Why are retracts of connected manifolds embedded submanifolds?

Question

I'm now working on this exercise:

Let $f: M \rightarrow M$ be a smooth map on a smooth, connected manifold $M$, satisfying $f \circ f = f$, then prove that $f(M)$ is an embedded manifold of $M$.

I have viewed many existed posts discussing this exercise, especially this one:Proving $f(X)$ is a submanifold. In this post, the question provides hints as follows:

• (1) $\mathrm{rk}_p f \leq \mathrm{rk}_{f(p)} f$ for all $p \in M$ ;
• (2) The rank of $f$ is constant along $f(M)$;
• (3) The rank of $f$ is constant in an open neighbourhood of $f(M)$;
• (4) Show that $f(M)$ is a submanifold when the above holds (using the constant rank theorem).

I'm managed to prove the first two points. (And I shall post a detailed answer on the above link later)

My question is: how to prove the third and the fourth point?
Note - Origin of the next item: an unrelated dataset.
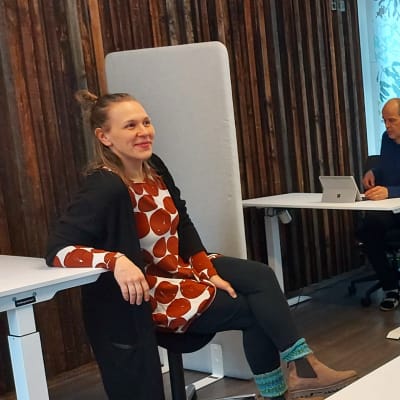 Kuusamossa avattiin toimistohotelli. Hankkeen takana ovat Johanna Karjalainen ja Kuusamon Osuusmeijeri, jonka tiloissa toimistohotelli sijaitsee. Oikealla Kuusamon Osuusmeijerin toimitusjohtaja Jouni Määtä.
My attempts for (3): I have actually proved a stronger result than (2), namely the rank of $f$ on $f(M)$ is $\max_{p \in M} \mathrm{rk}_p f$. (See rank of function on connected manifold for this.) So I'm trying to show that for any $p \in f(M)$, there exists an open neighborhood $U_p$ in $M$, such that $\mathrm{rk}_q f \geq r$ for any $q \in U_p$. Also by (1), we see that $\mathrm{rk}_q f \leq \mathrm{rk}_{f(q)} f = r$. Combining these two together, $\mathrm{rk}_q f = r$ for any $q \in U_p$. Then taking the union of $U_p$ over $p \in f(M)$, we are done for (3). BUT, how to find such a desired $U_p$? I'm thinking of using the connectness of $f(M)$. [P.S. This method is adapted from P. W. Michor, Topics in Differential Geometry, Section 1.15.]
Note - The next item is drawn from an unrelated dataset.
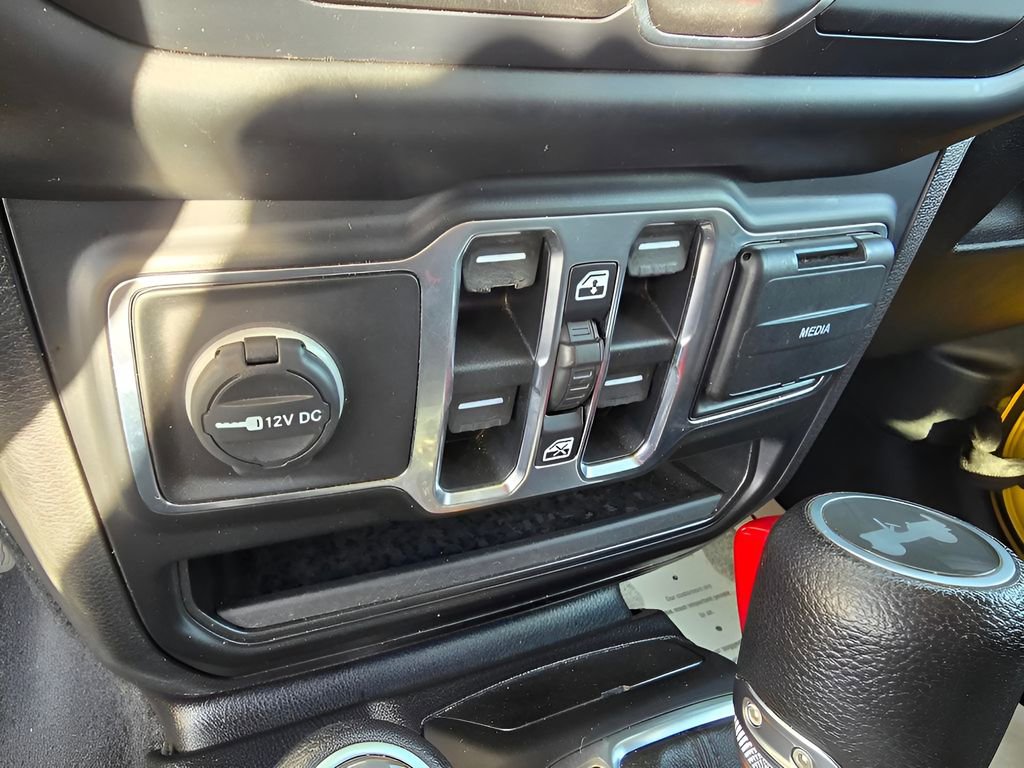 Used 2020 Jeep Wrangler Unlimited Sport S image 15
My attempt for (4): I don't know how to apply the constant rank theorem here. My understanding of the constant rank theorem is:

Let $f: M^m \rightarrow N^n$ be a smooth map between smooth manifolds $M^m$ and $N^n$. For $q \in N^n$, if there exists an open neighborhood $U$ of $f^{-1}(q)$, such that $\mathrm{rank} f$ is a constant on $U$, then $f^{-1}(q)$ is an embedded submanifold of $M^m$ (if the fiber $f^{-1}(q)$ is not empty).

Here in my exercise, I think I should consider $f$ (in my exercise) as $f$ (in the above theorem), $M$ as $M^m$ and $M$ as $N^n$. Then how can I write $f(M)$ as a fiber of a point $q \in M$?

Answer 1

For (3) maybe this will help How to prove that the rank of a matrix is a lower semi-continuous function?

For (4) Try this version of the constant rank theorem http://www.math.toronto.edu/mgualt/MAT1300/week3.pdf.

Answer 2

For (3):

Assuming you allready know that the rank of $f$ is maximal on $f(M)$:

The rank $$\text{rk}\, f:M\to\mathbb Z$$ is lower-semicontinous and hence locally only can jump up.

This follows from the lower-semicontinuity of the rank of $n\times n$-matrices. So the set

$$\{x\in M:\text{rk}_xf=r\}=\{x\in M:\text{rk}_xf>r-\frac 12\}$$ is open and hence an open neighborhood of $f(M)$.

For (4):

Let $x_0\in f(M)$. Then by the constant rank Theorem there are charts $(U,\phi)$, $(V,\psi)$ about $x_0=f(x_0)$ with $f(U)\subseteq V$ and

$$\psi\circ f\circ \phi^{-1}(x_1,\dots,x_n)=(x_1,\dots,x_r,0,\dots,0)$$

and by shrinking $V$ one can assume $\psi(f(U))=\psi(V)\cap(\mathbb R^r\times\{0\}$).

Now set $W=U\cap V$, which is an open neighborhood of $x_0$. $f\circ f=f$ implies $W\cap f(M)=W\cap f(U)$ and $\psi$ injective implies $\psi(W\cap f(U))=\psi(W)\cap\psi(f(U))$, so

$$\psi(W\cap f(M))= \psi(W\cap f(U))= \psi(W)\cap \psi(V)\cap (\mathbb R^r\times\{0\}))= \psi(W)\cap(\mathbb R^r\times\{0\})$$

which shows that $f(M)$ is a submanifold of $M$.